> **Supplied information**:

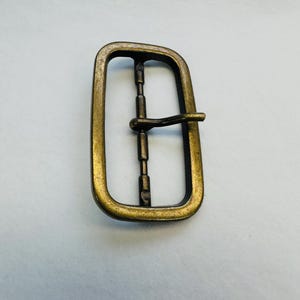 Metal buckle aged gold tone with a prong to fit a belt 40mm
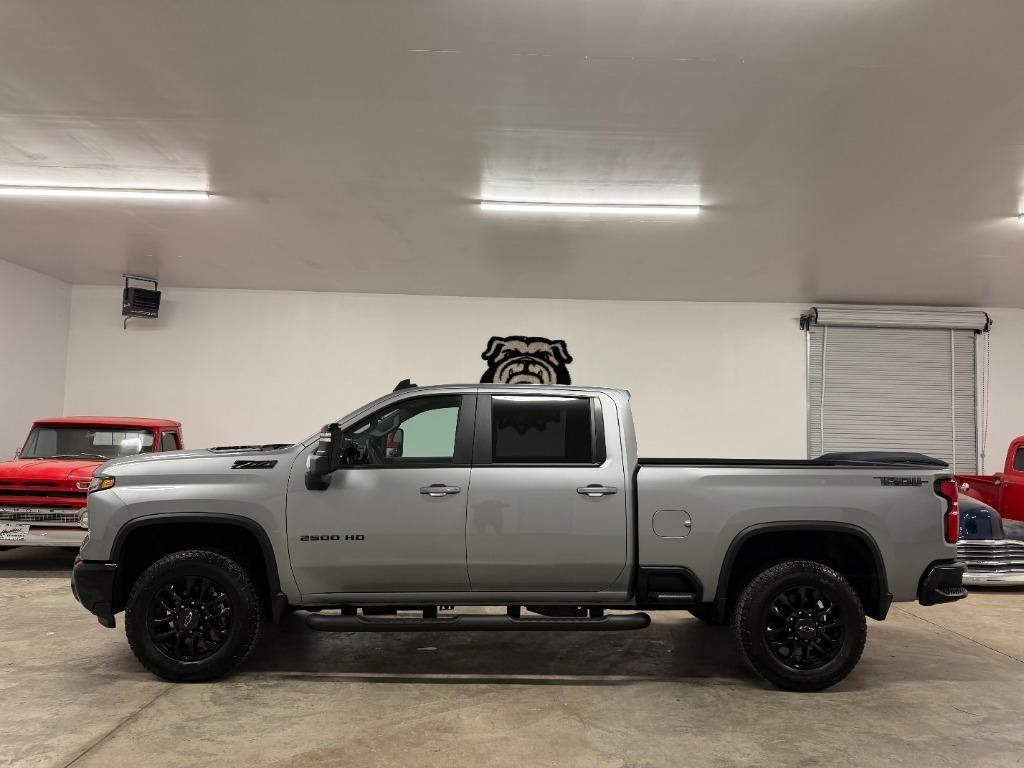 Chevrolet Silverado 2500HD LT Crew Cab Long Box 4WD 2025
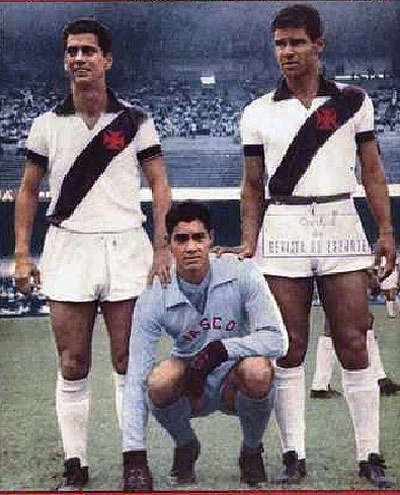 Da esquerda para a direita, em pé: Da esquerda para a direita, em pé: Paulinho, o goleiro Ita agachado e Brito. Foto enviada por Roberto Saponari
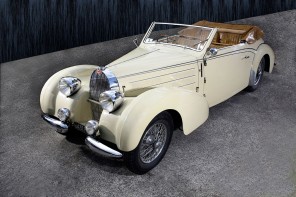 bugatti 57 Stelvio blanche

> **Problem to solve**: Print each line from the one containing "Chevrolet Silverado 2500HD" through the last line of the listing, both included, exactly and with no pictures.

> **Reply to the task**:
 Chevrolet Silverado 2500HD LT Crew Cab Long Box 4WD 2025
 Da esquerda para a direita, em pé: Da esquerda para a direita, em pé: Paulinho, o goleiro Ita agachado e Brito. Foto enviada por Roberto Saponari
 bugatti 57 Stelvio blanche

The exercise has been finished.